With subzero temperatures and a "polar vortex" overwhelming the Northeast, local police, fire and mail officials are reacting accordingly to both brave the elements and fulfill their responsibilities.
Captain Robert F. Samuelson, division commander of the Jamestown Police Department, stressed the importance of cold weather protection by describing weather-appropriate clothing - coats, hats and gloves - and the proper rotation of personnel as necessities.
The driver of this TPS Pro Oil truck lost control of his vehicle Tuesday near the corner of Empire Road and Route 39 in Forestville.
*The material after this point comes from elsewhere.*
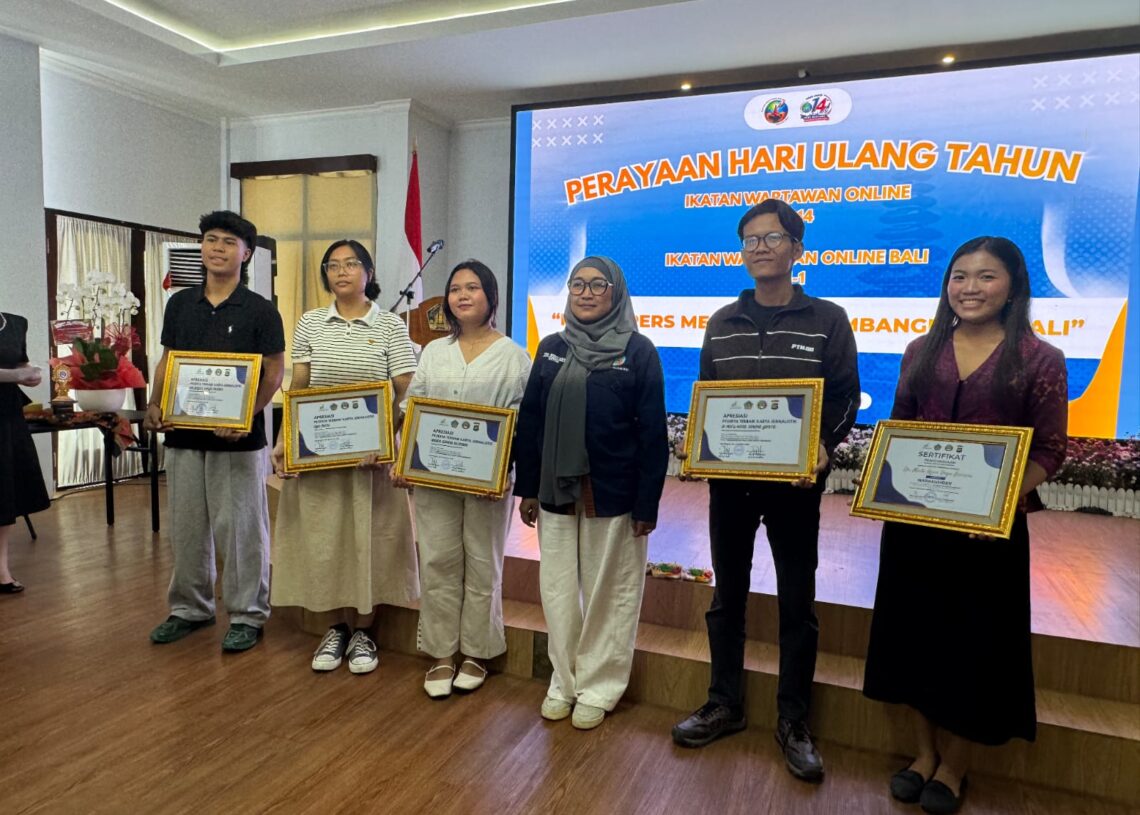 Ketua IWO Bali Tri Widiyanti (tengah) dan 5 Peserta Pemenang Lomba Karya Jurnalistik Antar Mahasiswa yang digelar IWO Bali. -IWO BALI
The accident, caused by icy road conditions, resulted in an oil spill which was contained by Forestville Fire Department personnel.
P-J photo by Dan Kohler
"If we did have a situation where we had to put somebody at a traffic post, we would have to rotate them quickly, rather than have them out there for hours," Samuelson said. "With temperatures like this and the wind chill at what it is, you can't have any exposed skin for longer than a minute or else you're going to end up getting frostbite."
Chautauqua County Sheriff Joseph Gerace was similarly emphatic about appropriate clothing, indicating that he's even "bent the rules a bit" when it comes to the department's strict guidelines on uniforms.
"We're very strict about uniformity, but we're making exceptions for (the deputies) to wear face masks and other kinds of clothing that they may need for long durations," Gerace said. "We're just encouraging our people to be conscious of the exposure to the elements ... and if they're outside for any extended period of time due to calls we're going to try to get them relieved when possible."
Fire officials followed suit.
"If we do get anything where the guys are going to be exposed to the weather for a long period of time, we're going to try to rotate as many guys through as possible," said Samuel Salemme, Jamestown Fire Department battalion chief. "We're going to try to minimize their exposure the best we can."
Salemme added that the department's day-to-day operations would not be affected by the colder-than-usual weather conditions.
First responders, of course, are not the only ones who have to venture outside.
According to Teresa Brady, postmaster of the Jamestown Post Office, her mail carriers-who deploy across the city- are encouraged to dress in layers and keep dry.
Brady added that the recent weather-related road closures resulted in no mail coming from the processing facility in Buffalo on Tuesday. Carriers therefore had a lighter than usual load and spent less time outside.
The National Weather Service projects a gradual warm-up of Jamestown throughout the week, with a high of 48 degrees Saturday.
"It's Western New York weather," Gerace said. "I think it's more out of the ordinary the unseasonably warm winters that we've had in years past. As a young man growing up, I recall winter being more like this for long periods of time."